Tuesday, April 18, 2017

APTA fighting proposed transit budget cuts

Written by  Stuart Chirls, senior editor, Railway Age
APTA fighting proposed transit budget cuts Wikimedia Commons

The American Public Transportation Association (APTA) is taking the fight to Capitol Hill to oppose President Trump's budget proposal to cut major public transit appropriations for the remainder of fiscal 2017 and 2018.

 

APTA said its Government Affairs team is working aggressively with members of Congress to make the case for continued funding.

The association urged members during the Congressional recess to open their facilities to members of Congress to demonstrate the value of public transit and reject the proposed funding changes.

The recess ends April 21 for the Senate and April 24 for the House.

APTA has put together a ready-to-use "First 100 Days" toolkit featuring resources to facilitate these visits, including backgrounders, talking points, customizable invitations and other material.

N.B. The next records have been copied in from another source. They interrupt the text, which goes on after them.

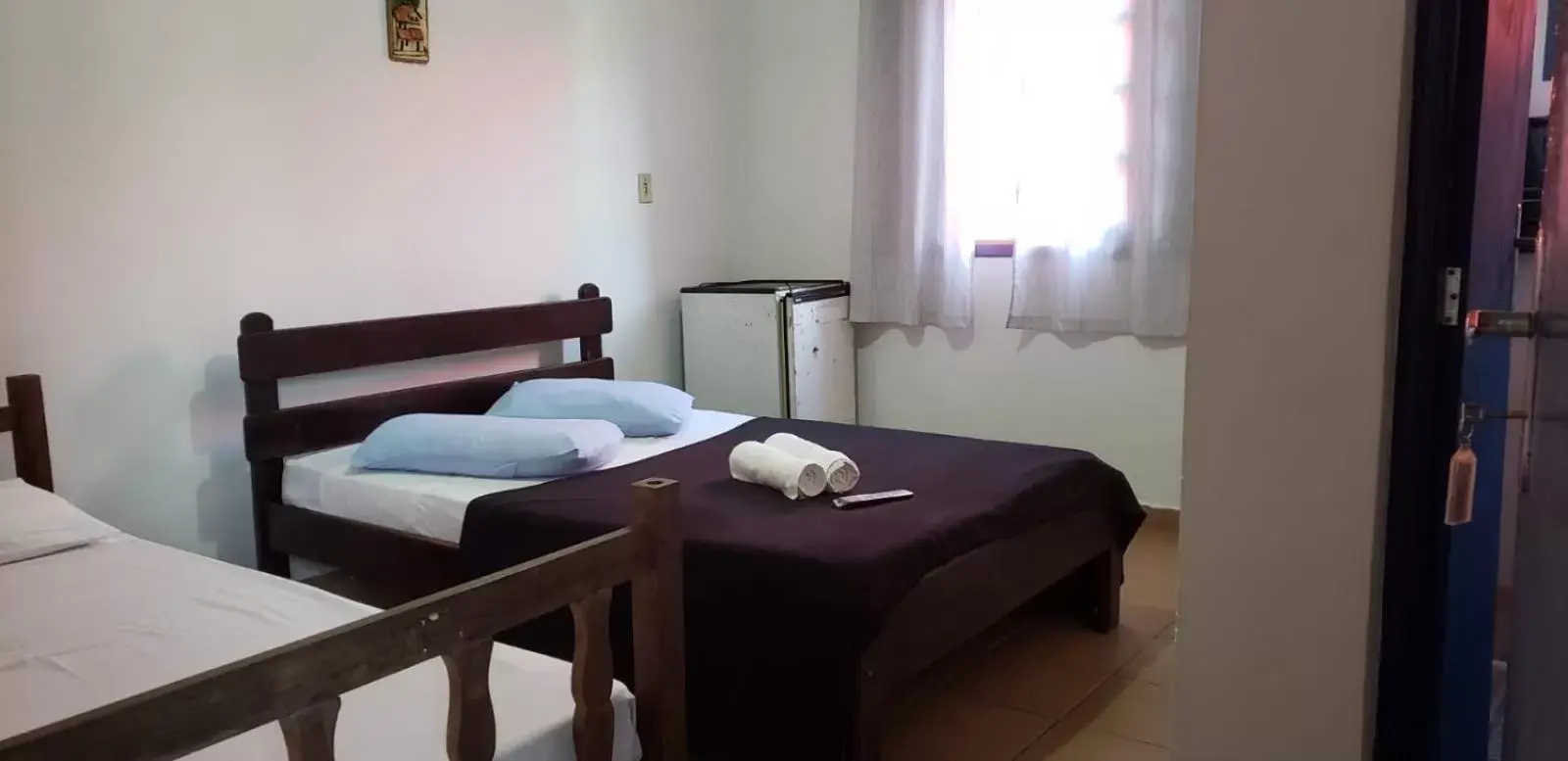 Basic Triple Room in Hotel Nevada Ubatuba Basic Triple Room in Hotel Nevada Ubatuba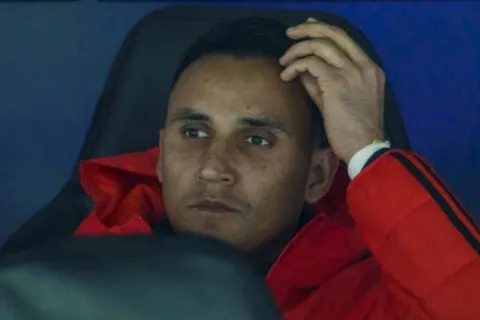 Keylor fue felicitado pero no todos lo hicieron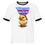 Thumbnail: Water 2 A Duck Unisex ringer t-shirt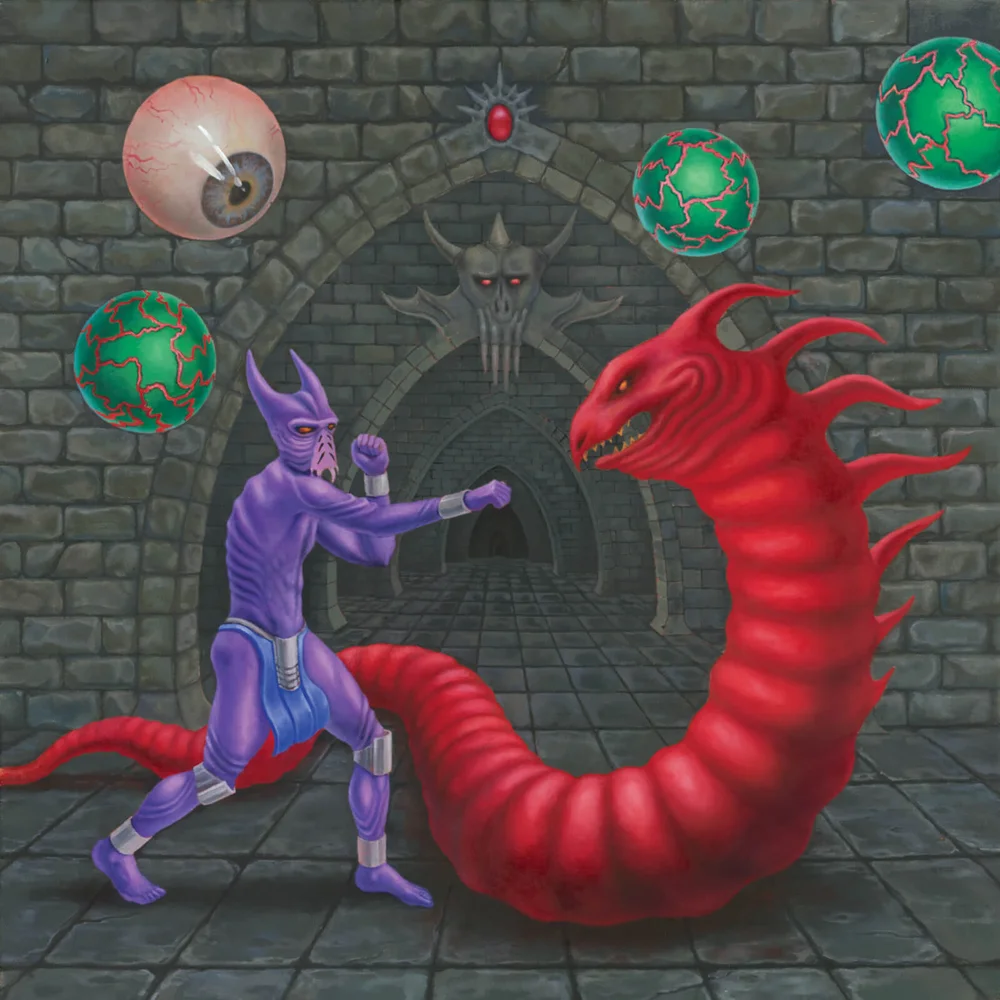 Shadow of the Beast Bande Original Jeu Vidéo Vinyl LP Image 1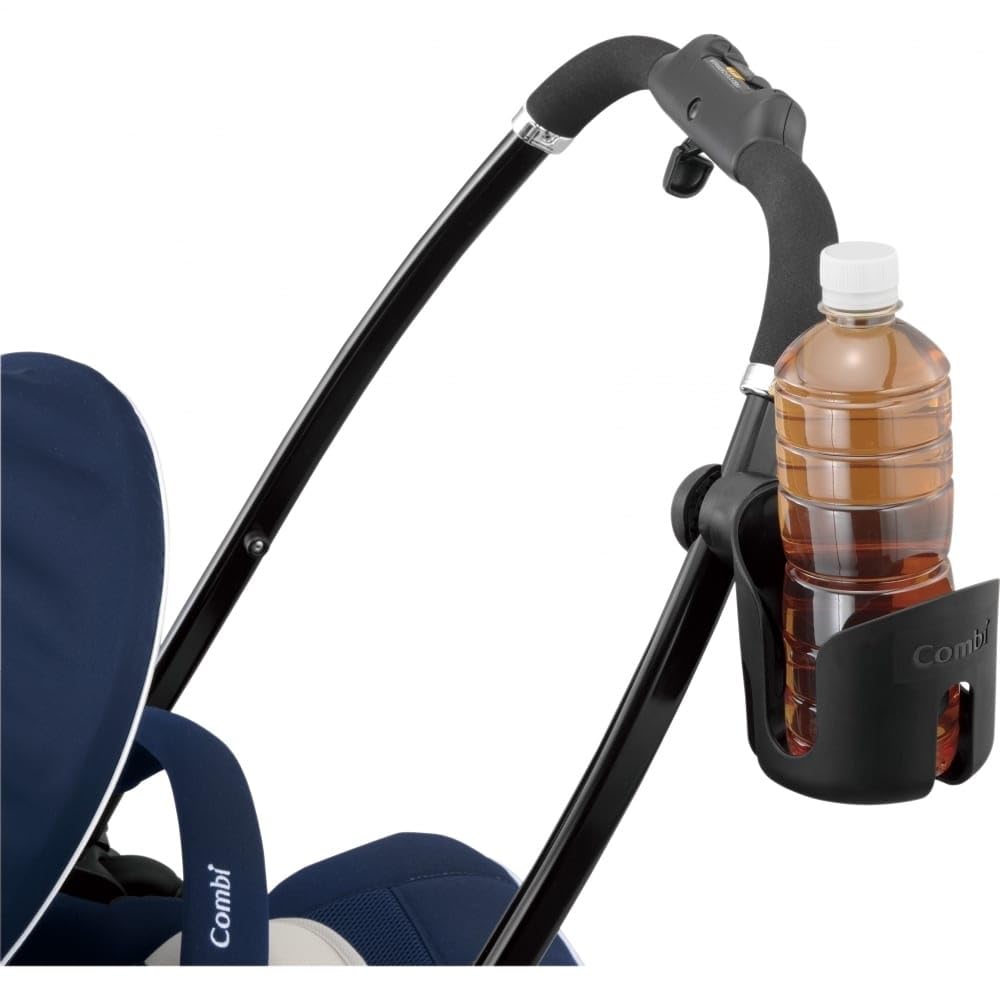 Combi Stroller-Specific Cup Holder, Black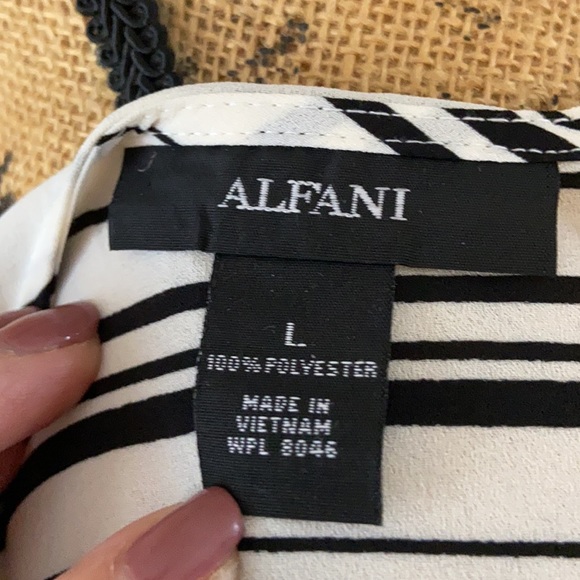 Alfani Ruffled Blouse - Picture 4 of 5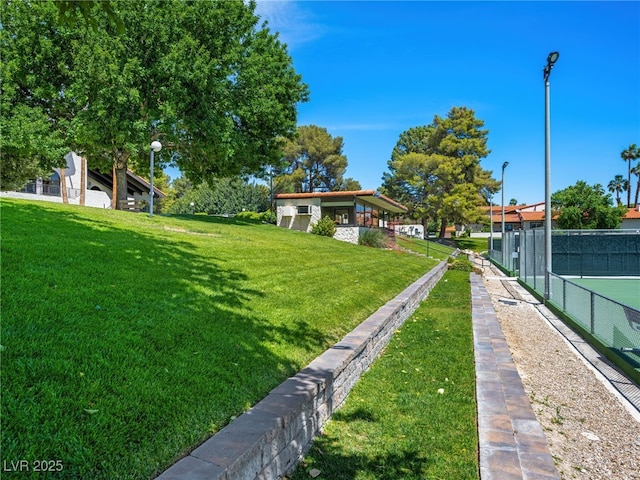 2104 Plaza De La Candela, Las Vegas, NV 89102 - view of yard
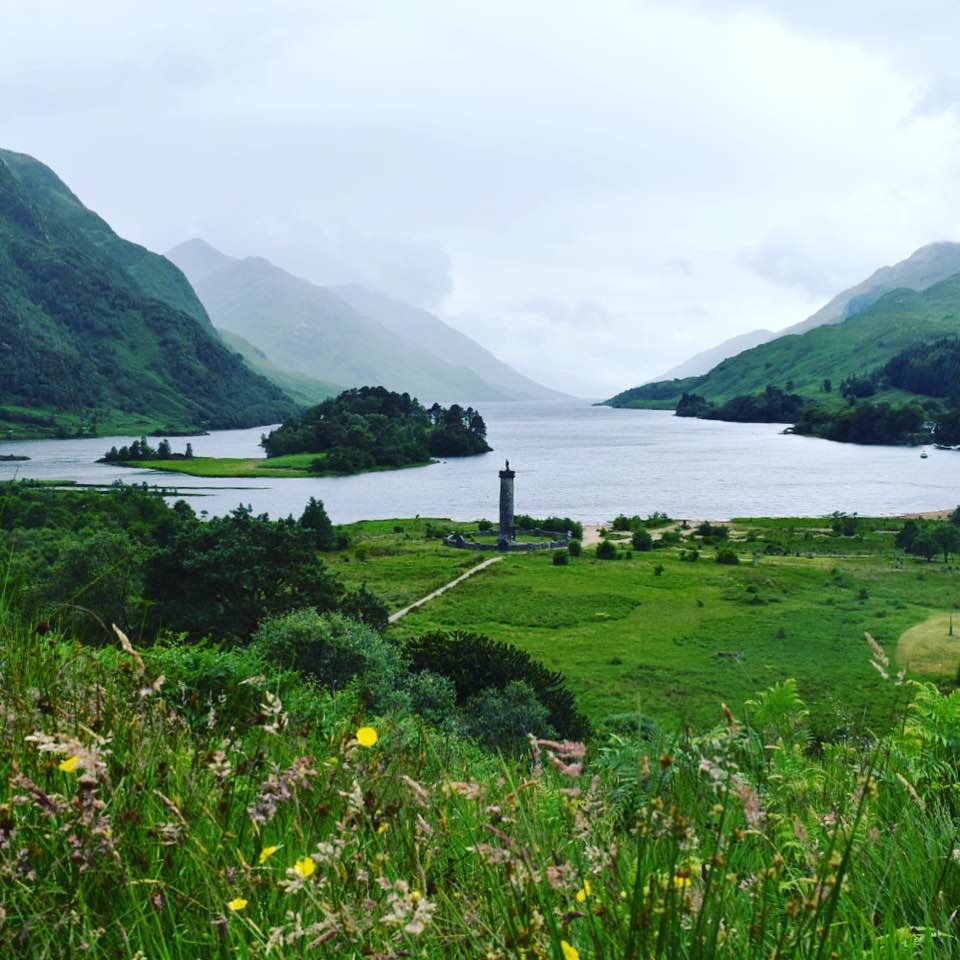 Loch Shiel Scotland Harry Potter Locations Sarah Latham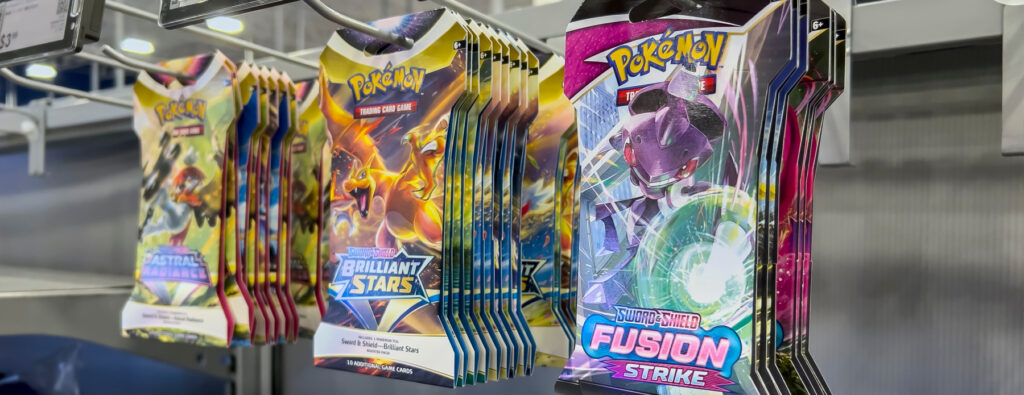 Traditional Pokemon Card
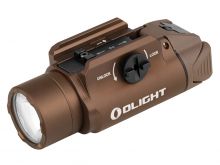 Olight PL-3 Valkyrie LED Weapon Light - 1300 Lumens - CREE XHP 35B HI - Includes 2 x CR123A - Desert Tan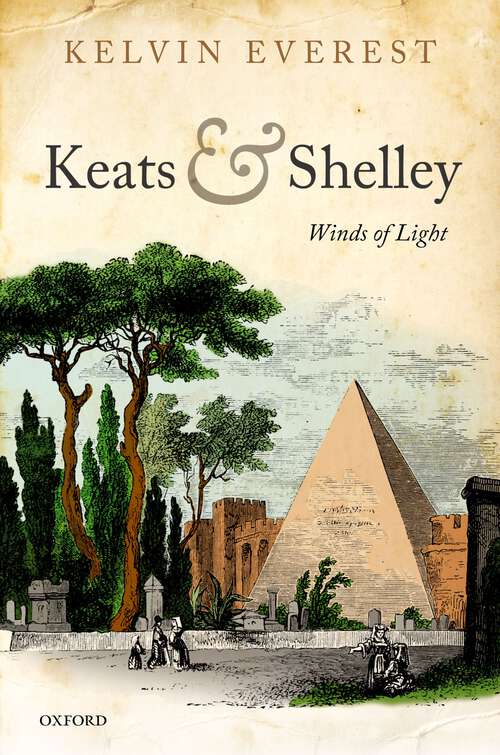 Book cover of Keats and Shelley: Winds of Light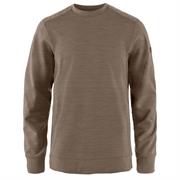 Fjällräven Keb Fleecetrøje med Crewneck og Ribkanter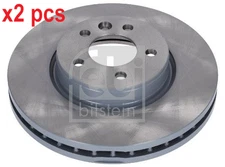X2 PCS BRAKE DISC 175512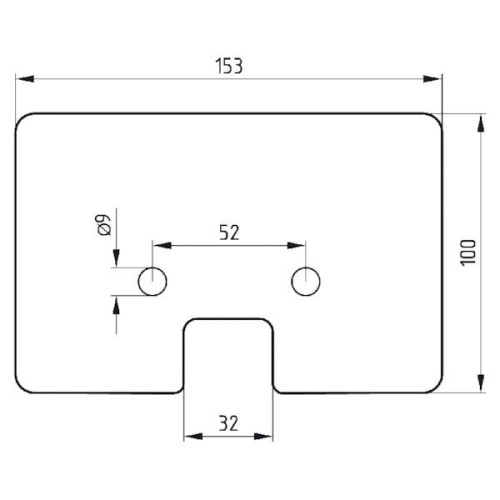 Łopatka gumowa podajnika, 100 x 153 (1).jpg
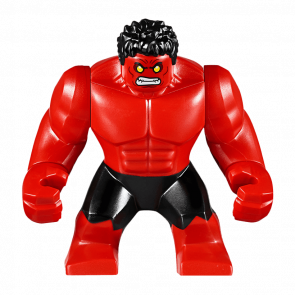 Фигурка Lego Super Heroes Marvel Red Hulk sh370 Б/У Нормальный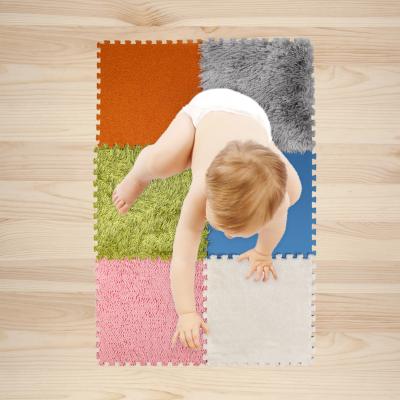 China Baby Educational Sensory Toy Factory Direct Wholesale Sensory Toy Puzzle Foam Mat Textured Mat Crawling Rug Carpet For for sale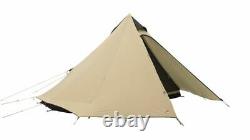 Robens Outback FAIRBANKS GRANDE 7 Person Single Wall Tipi Tent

The group said that Trump's proposed cuts to the Capital Investment Grants (CIG) and TIGER grants programs put more than 50 projects in 23 states at risk. APTA has taken that message directly to affected members of Congress. As a result, more than 100 members of Congress have written letters in support of CIG funding as part of the annual appropriations process, it said.

Other recent activities include:

  • APTA is running radio ads in three regions with projects that would be shut down if the cuts occur. A generic version of the ad is included in APTA's toolkit.
  • APTA signed on to letters to the leaders of the House and Senate Budget Committees—Reps. Diane Black (R-Tenn.) and John Yarmuth (D-Ky.) and Sens. Mike Enzi (R-Wyo.) and Bernie Sanders (I-Vt.)—regarding the need to address the shortfall in the Highway Trust Fund with a long-term solution and fully fund all FAST Act programs, including CIGs.
  • APTA sent a letter to the leaders of the House and Senate Appropriations Committees—Reps. Rodney Frelinghuysen (R-N.J.) and Nita Lowey (D-N.Y.) and Sens. Thad Cochran (R-Miss.) and Patrick Leahy (D-Vt.)—calling for funding of two new FAST Act programs: rail safety grants and rail maintenance grants.
  • Voices for Public Transit, a grassroots organization APTA supports, reported that its community advocates have sent more than 5,000 letters to members of Congress opposing Trump's fiscal 2018 proposal.